Suppose I have a first order ODE
$$ X'(t) = A(t)X(t), \quad \quad X(t_0) = X_0 $$ where $X\in R^n$, and time-dependent $A(t)$ has a canonical state-space form
$$ \begin{bmatrix} 0 & 1 & & &\\ 0 & 0 & 1 & &\\ \vdots & \cdots & & &\\ a_1(t) & a_2(t) & a_3(t) & \cdots & a_n(t) \end{bmatrix} $$
I have two questions:
- Could I express the solution as
$$ X(t) = X_0\,e^{\int^t_{t_0}A(s)ds} $$ in this particular case? Does $A(t)$ commutes with its integral?
- If no, how about if I say the coefficients $a_1(t),a_2(t)\cdots$ are selected such that $A(t)$ has $n$ identical real negative eigenvalue $r(t)$? If again no, what could be a condition of $A(t)$ such that it could?
For general $A(t)$ the solution is given by the Magnus Series.

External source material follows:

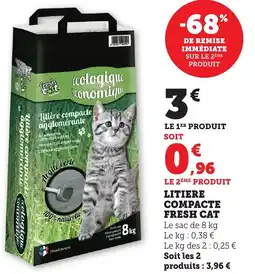 Maximarché Litière compacte fresh cat offre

Important special cases are when $A(t), A(t')$ commute or when $A(t)$ is constant. Then the solutions are given by the Matrix Exponential \begin{align} A(t)A(t') &= A(t')A(t) &&\implies &&X(t_1) = \exp \left(\int_{t_0}^{t_1} A(t') \, dt' \right) X_0 \\ A(t) &= A_0 = \text{const} &&\implies &&X(t_1) = \exp \left( A_0 (t_1-t_0) \right) X_0\,. \end{align}
For your $A(t)$: in general it does not commute. Thus, you have to use the magnus series which will probably not help a lot.